### DATA FOR REVIEW

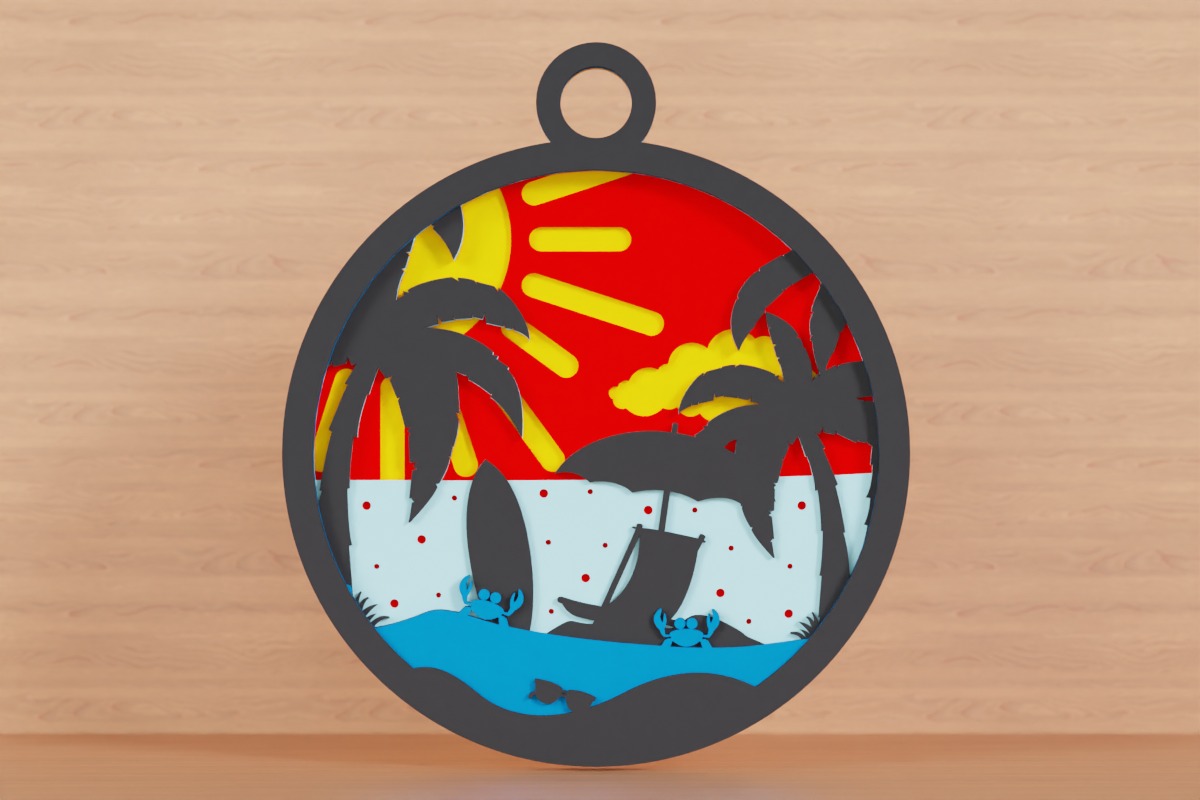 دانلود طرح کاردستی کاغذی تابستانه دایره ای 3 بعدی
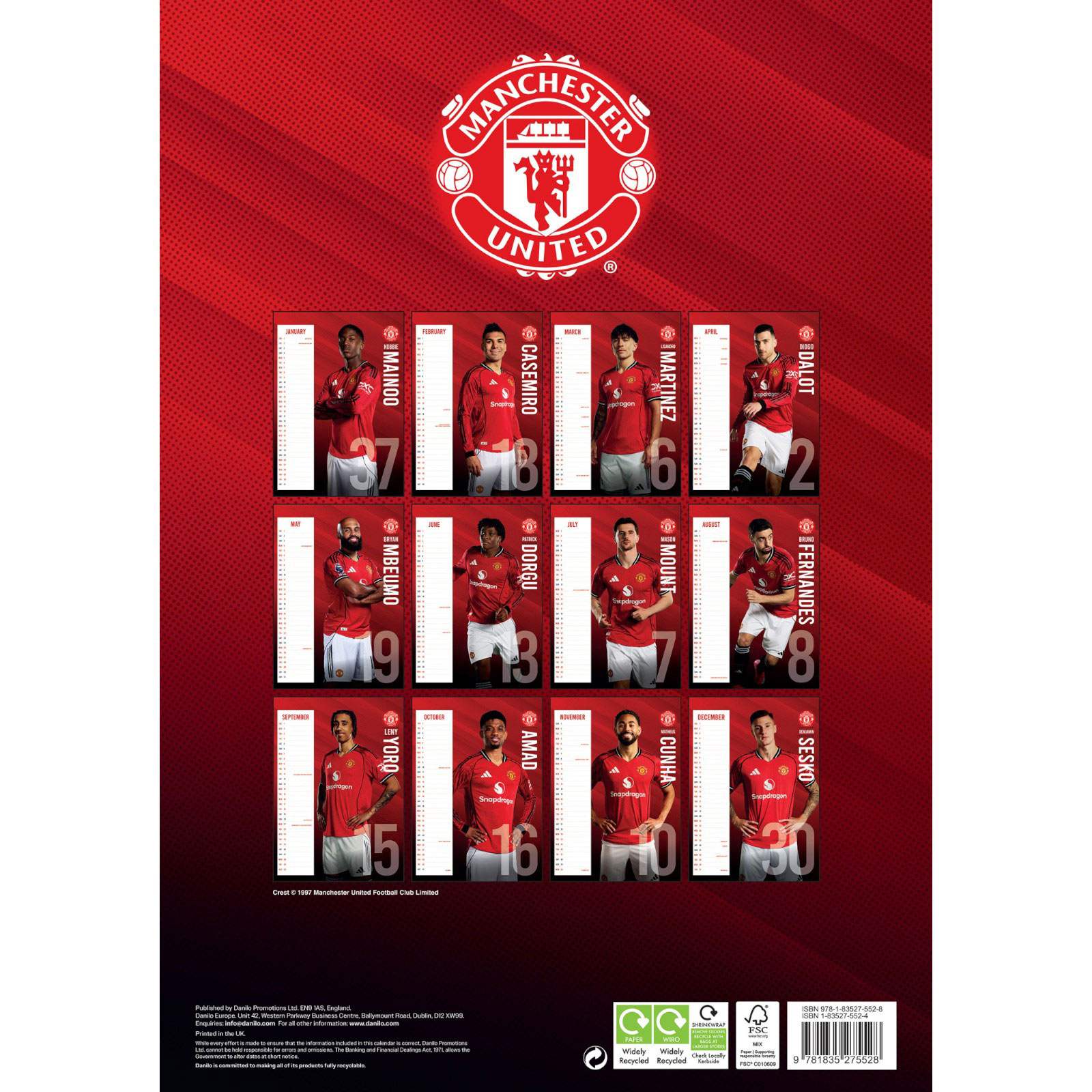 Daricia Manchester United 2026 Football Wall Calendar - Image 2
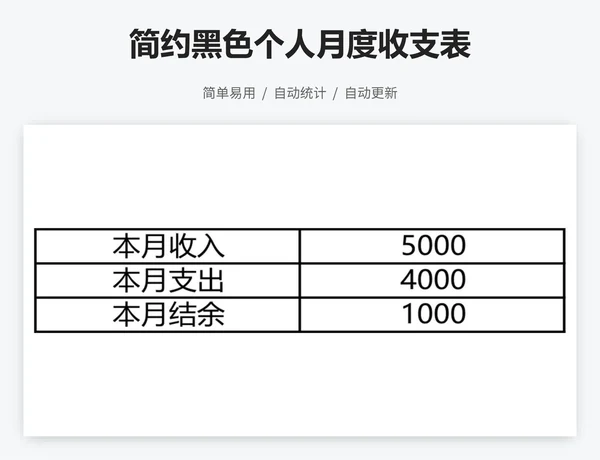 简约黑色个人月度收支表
---
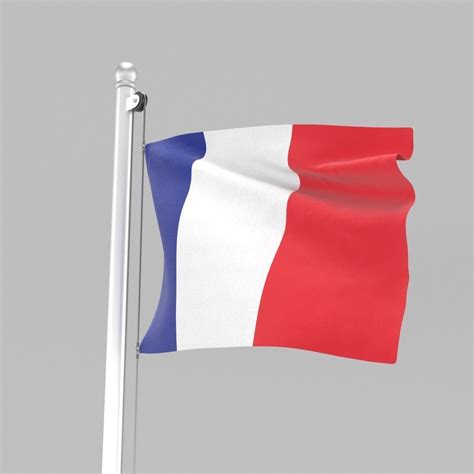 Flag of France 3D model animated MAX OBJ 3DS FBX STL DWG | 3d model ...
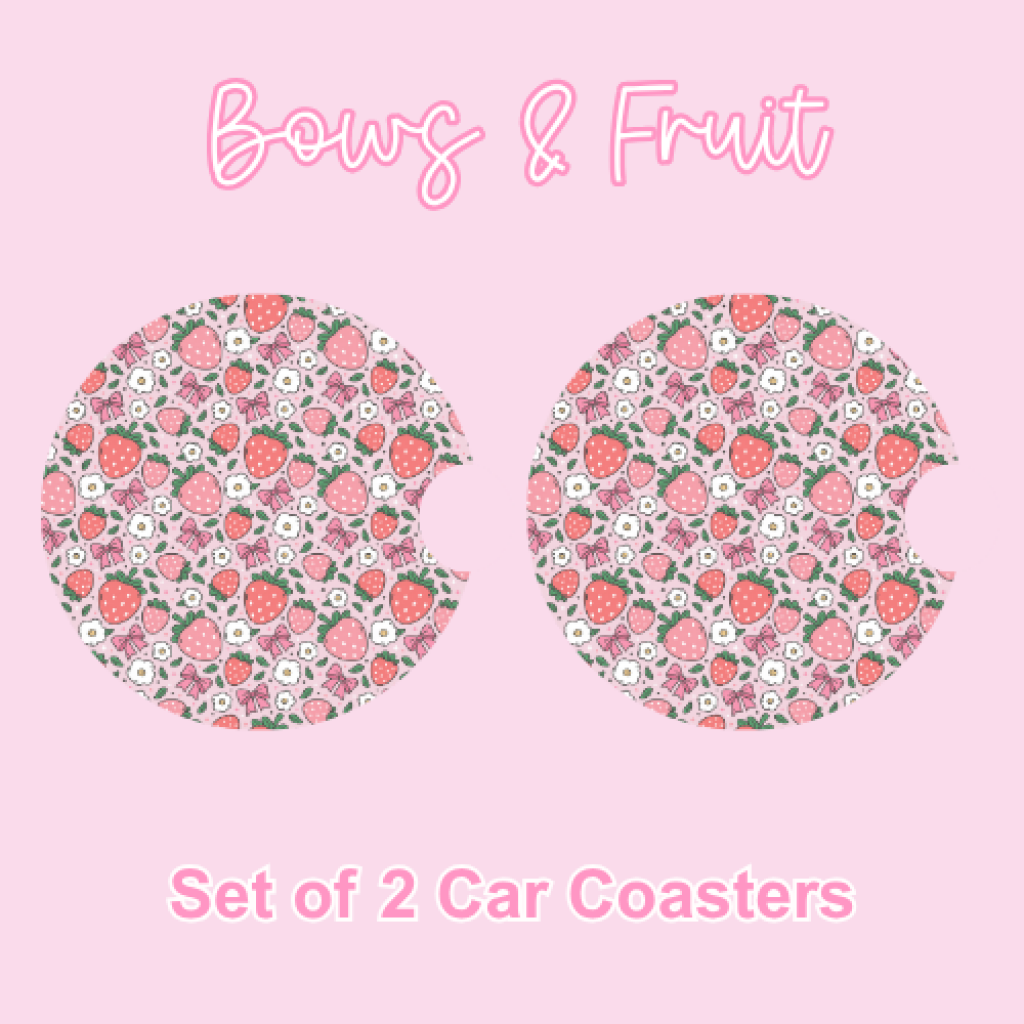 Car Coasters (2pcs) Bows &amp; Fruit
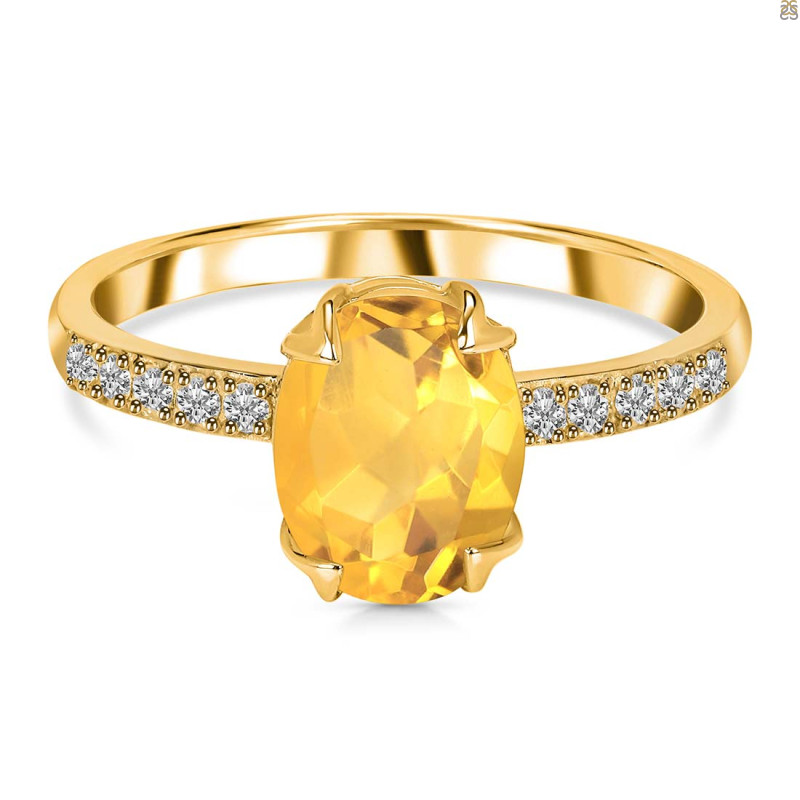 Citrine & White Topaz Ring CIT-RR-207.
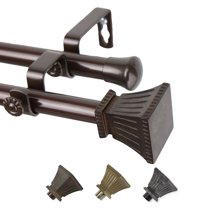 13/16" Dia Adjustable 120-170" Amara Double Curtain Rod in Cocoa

### WHAT IS BEING ASKED
Set down again, exactly, every line above from the one with "DWG | 3d model ..." down to the one with "Rod in Cocoa", both ends included. No pictures, and nothing else.

### FINISHED TASK
 Flag of France 3D model animated MAX OBJ 3DS FBX STL DWG | 3d model ...
 Car Coasters (2pcs) Bows &amp; Fruit
 Citrine & White Topaz Ring CIT-RR-207.
 13/16" Dia Adjustable 120-170" Amara Double Curtain Rod in Cocoa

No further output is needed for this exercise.